First, one can argue that non-symmetric positive definite matrices are pathological, in the sense that when you move to the complex case all positive definite matrices are hermitian.
For a non-symmetric positive definite matrix you can say little more than the fact that it has positive eigenvalues. You don't have many of the nice properties that symmetry adds. For instance, without symmetry you don't even have that the singular values agree with the eigenvalues, nor diagonalizability.
Edit: here is why in the complex case, positive semidefinite implies hermitian. Actually, the proof implies that in the complex case $A$ is hermitian if and only if $x^*Ax\in\mathbb R$ for all $x$.

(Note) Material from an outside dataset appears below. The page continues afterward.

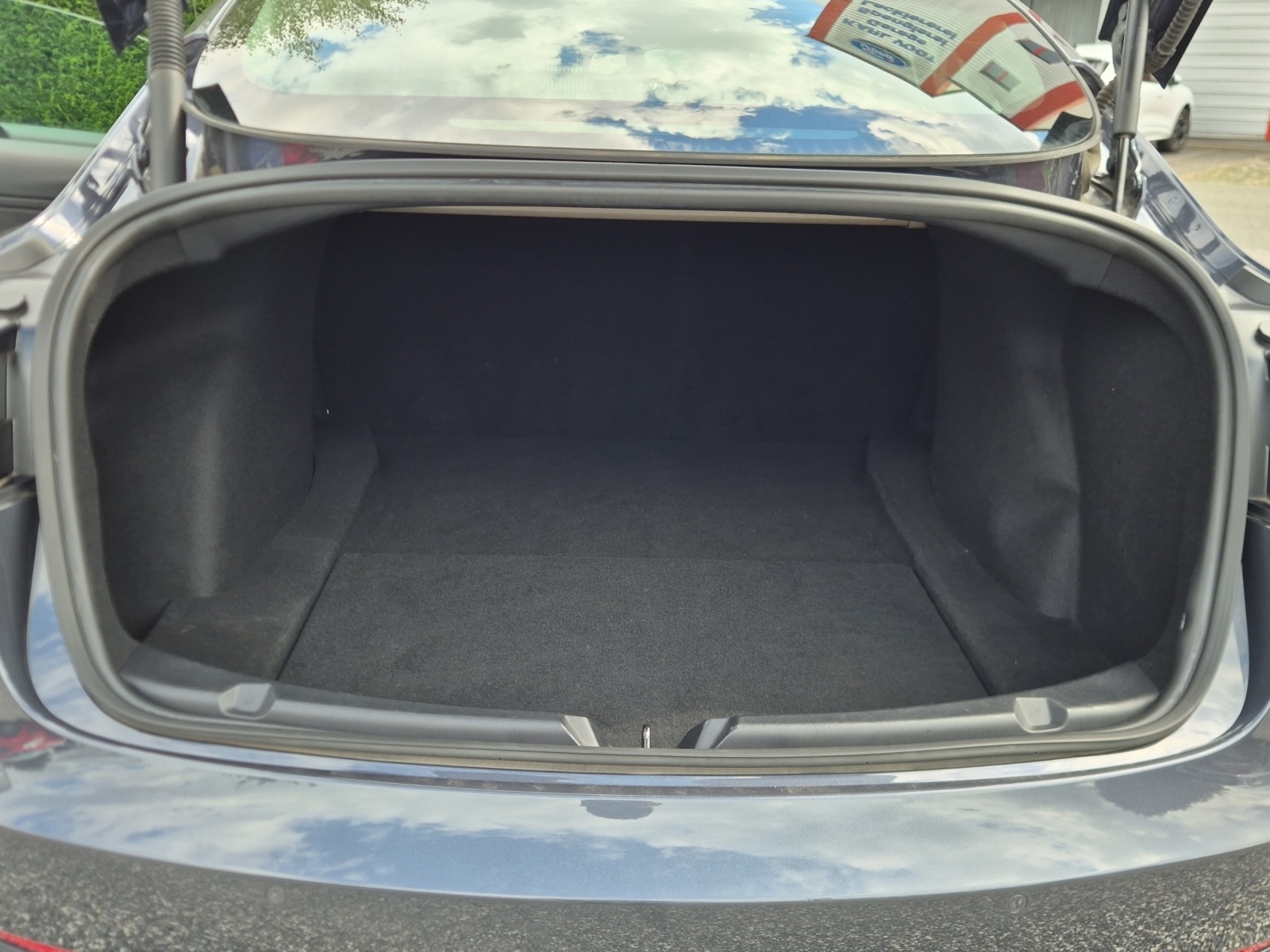 TESLA Model 3 Long Range Dual Motor-image-19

Assume $x^*Ax\in\mathbb R$ for all $x$. then
$$
\mathbb R\ni(y+\alpha x)^*A(y+\alpha x)=y^*Ay+\overline\alpha\,x^*Ay+\alpha\,y^*Ax+|\alpha|^2\,x^*Ax.
$$
As this expression is real, it equals its complex conjugate
$$
y^*Ay+\alpha\,y^*A^*x+\overline\alpha\,x^*A^*y+|\alpha|^2\,x^*Ax.
$$
So
$$
\overline\alpha\,x^*Ay+\alpha\,y^*Ax=\alpha\,y^*A^*x+\overline\alpha\,x^*A^*y.
$$
Taking first $\alpha=1$ and then $\alpha=i$, we get
$$
x^*Ay+y^*Ax=y^*A^*x+x^*A^*y,
$$
$$
-i\,x^*Ay+i\,y^*Ax=i\,y^*A^*x-i\,x^*A^*y.
$$
Multiplying the first equation by $i$ and adding, we get
$$
2i\,y^*Ax=2i\,y^*A^*x.
$$
As this works for any $x,y$, we deduce that $A=A^*$.
Best Answer
For any square matrices $X$, $Y$, the matrices $XY$ and $YX$ have the same eigenvalues ( in fact, the same characteristic polynomial). So you can apply you method even if $A$ is not invertible.